Back to today’s discussion, apparently some estates have introduced the new model where workers are given work on the estate in addition to providing them land to grow tea in a buy-back arrangement and it’s working. Some are earning in excess of Rs. 60-70,000 per month compared to little over Rs. 30,000 under the daily wage model, according to some estate managers.

Here is a suggestion: Why not implement this new model – with the consent of workers, trade unions and the management – for about a year and then review its progress? If it’s successful, then I don’t think trade unions will stand in the way of the workers’ progress. If unsuccessful, they could revert to the daily wage model.

Mlesna’s Perera also recalled how Ceylon Tea during the days of the British Raj had a big banner at the Colombo Harbour (at a time when most visitors to the island came by ship) saying ‘Home of Ceylon Tea’.

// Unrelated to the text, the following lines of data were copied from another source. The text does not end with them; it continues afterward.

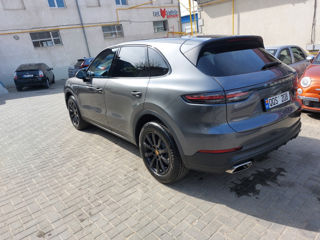 Porsche Cayenne foto 8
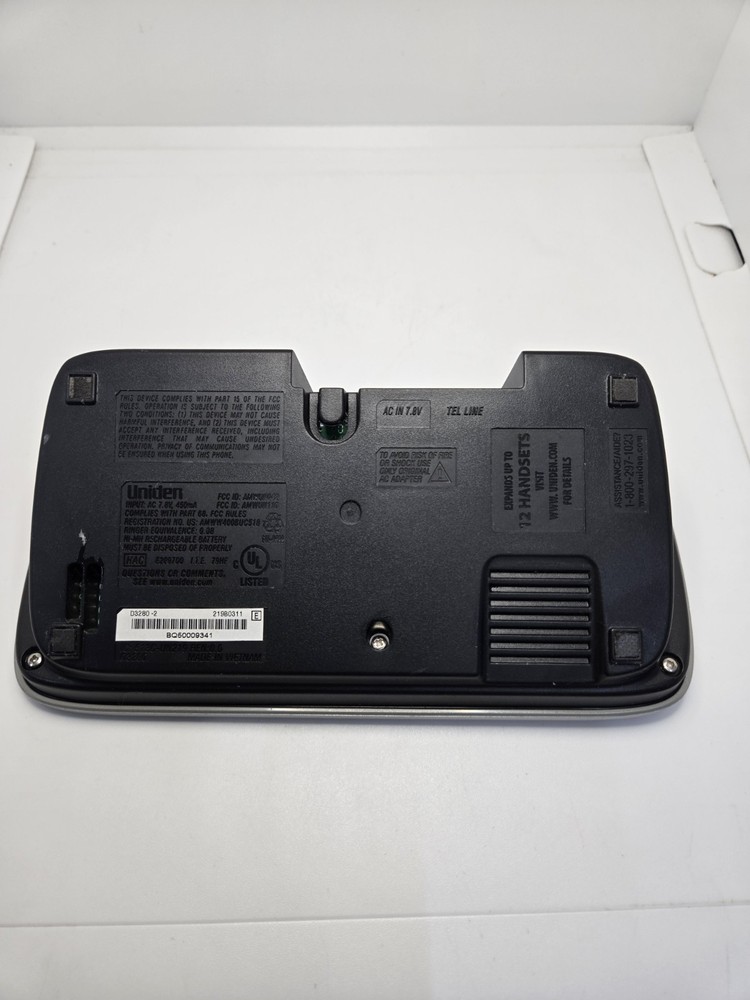 Uniden DECT 6.0 D3280 Phone With Digital Answering System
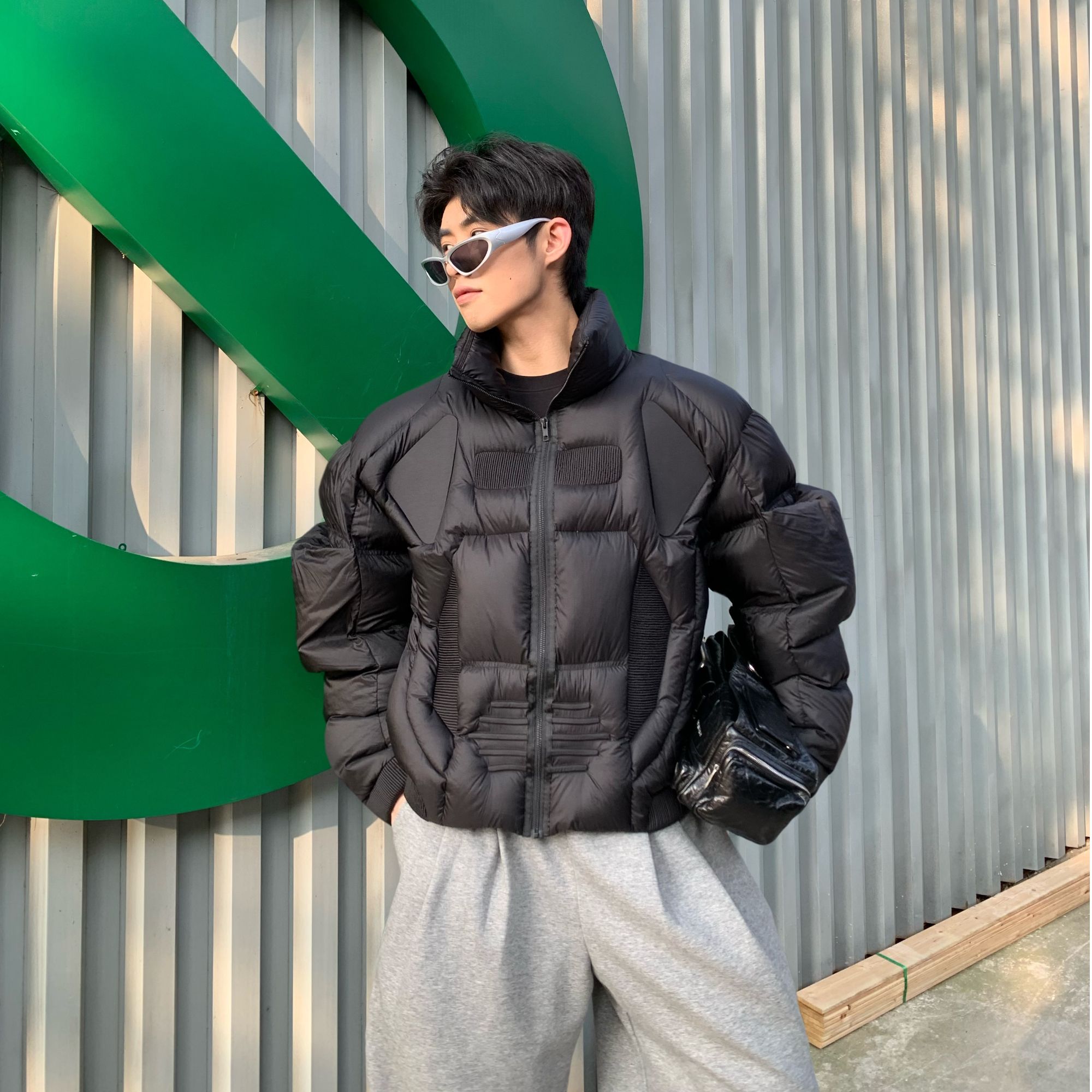 [Nadlle Studio]统治肌肉 3D线条短款立体廓形中性羽绒外套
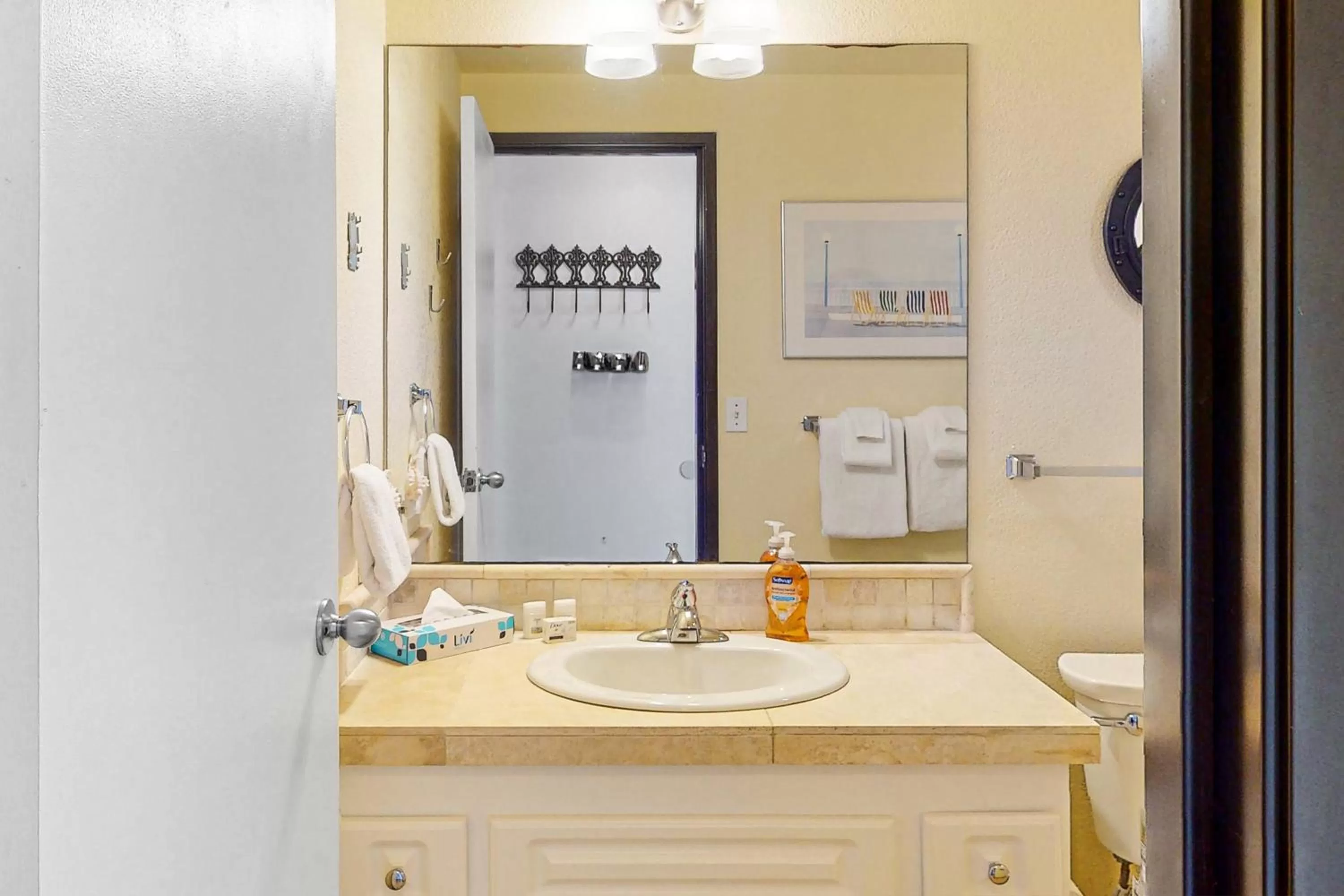 Bathroom in Sand & Sea: Agate Hunter (210)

So as I sip tea for the second time this morning brought by Kussi Amma Sera – this time – without any comment, here’s another suggestion to bring back the glory of Ceylon Tea: Provide a complimentary hot cup of tea to every foreign visitor arriving at the airport (and also on departure) not only to refresh themselves but while they spend time at the airport to complete the COVID-19 formalities. It’s a nice way to promote Sri Lanka’s world class beverage and give a boost to a tea-drinking culture.